Gracias, Señor, por las inefables humillaciones de tu Encarnación, de tu Natividad, de tu vida oculta; por los trabajos y fatigas de tu vida pública; y por todas las sublimes lecciones de humildad, abnegación, obediencia, paciencia, que nos has dado.
Gracias, especialmente, por el inmenso amor que nos mostraste en tu Última Cena, al instituir este divino Sacramento, para inmolarte de nuevo, cada día, por nuestra salvación, para permanecer constantemente y nutrirnos con tu divino Cuerpo y tu preciosísima Sangre.
Perdón, Señor, por la tibieza, la negligencia, el desprecio y el sacrilegio de tantos cristianos cobardes y culpables. Dígnate aceptar en este momento todos los actos de gratitud, amor y reparación de que es capaz mi corazón, como pequeña compensación de sus prevaricaciones y las mías.
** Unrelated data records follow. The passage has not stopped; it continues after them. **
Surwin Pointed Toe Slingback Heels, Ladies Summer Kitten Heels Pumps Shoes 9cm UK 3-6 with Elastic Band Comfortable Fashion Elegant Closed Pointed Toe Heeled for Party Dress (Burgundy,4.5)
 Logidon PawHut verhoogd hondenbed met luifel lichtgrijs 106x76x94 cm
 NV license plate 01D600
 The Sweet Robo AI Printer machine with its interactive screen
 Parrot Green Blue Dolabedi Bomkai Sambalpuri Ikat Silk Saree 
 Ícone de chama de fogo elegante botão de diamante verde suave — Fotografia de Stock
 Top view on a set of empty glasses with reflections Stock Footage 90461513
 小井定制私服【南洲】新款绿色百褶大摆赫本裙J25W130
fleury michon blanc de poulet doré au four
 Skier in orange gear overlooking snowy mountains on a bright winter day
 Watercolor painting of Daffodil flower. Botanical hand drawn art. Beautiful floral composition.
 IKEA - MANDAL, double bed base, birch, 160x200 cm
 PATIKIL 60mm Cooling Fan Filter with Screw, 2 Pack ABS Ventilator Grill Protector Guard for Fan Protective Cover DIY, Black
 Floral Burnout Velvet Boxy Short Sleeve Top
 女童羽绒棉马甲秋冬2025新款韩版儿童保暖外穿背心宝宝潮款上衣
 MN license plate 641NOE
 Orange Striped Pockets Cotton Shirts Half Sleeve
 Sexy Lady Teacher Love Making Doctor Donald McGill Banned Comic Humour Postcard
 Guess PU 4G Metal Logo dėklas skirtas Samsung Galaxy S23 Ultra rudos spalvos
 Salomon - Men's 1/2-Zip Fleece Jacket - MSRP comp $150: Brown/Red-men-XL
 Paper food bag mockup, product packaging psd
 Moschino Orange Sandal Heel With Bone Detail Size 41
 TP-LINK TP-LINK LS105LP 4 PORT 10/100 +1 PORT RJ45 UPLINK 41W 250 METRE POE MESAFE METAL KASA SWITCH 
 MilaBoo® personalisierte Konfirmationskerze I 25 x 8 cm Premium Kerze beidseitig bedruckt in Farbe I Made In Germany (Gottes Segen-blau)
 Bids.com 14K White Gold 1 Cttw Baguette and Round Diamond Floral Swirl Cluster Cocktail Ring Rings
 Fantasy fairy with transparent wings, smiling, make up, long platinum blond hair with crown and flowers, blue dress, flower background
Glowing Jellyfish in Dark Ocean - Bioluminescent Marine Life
Gracias nuevamente, Jesús, por la institución de tu Sacerdocio divino. Has revestido a tus sacerdotes de este augusto carácter, y nos los has dado para ocupar tu lugar, para renovar entre nosotros la oblación de tu Sacrificio, para perdonarnos en tu nombre, para nutrirnos con tu doctrina y tu Sacratísimo Cuerpo. Llénalos de tu espíritu, y sírvete de ellos para la salvación del mundo.
Finalmente, Señor Jesús, gracias por todo lo que te has dignado sufrir por nuestra salvación, en esta noche dolorosa y en el sangriento día del Viernes Santo.
Hago el propósito de no pasar un solo día sin reproducir en mi corazón algunos de tus sufrimientos, para suscitar en mí un mayor horror a todo pecado, un amor más ardiente por Ti, una mayor fidelidad a dedicarme y sufrir lo que os plazca, por vuestra gloria y por la salvación de las almas.
¡Oh Señor!, ya no quiero vivir sino por Ti, para merecer morir en paz en tu santa gracia, y ser un día glorificado por Ti en el Cielo.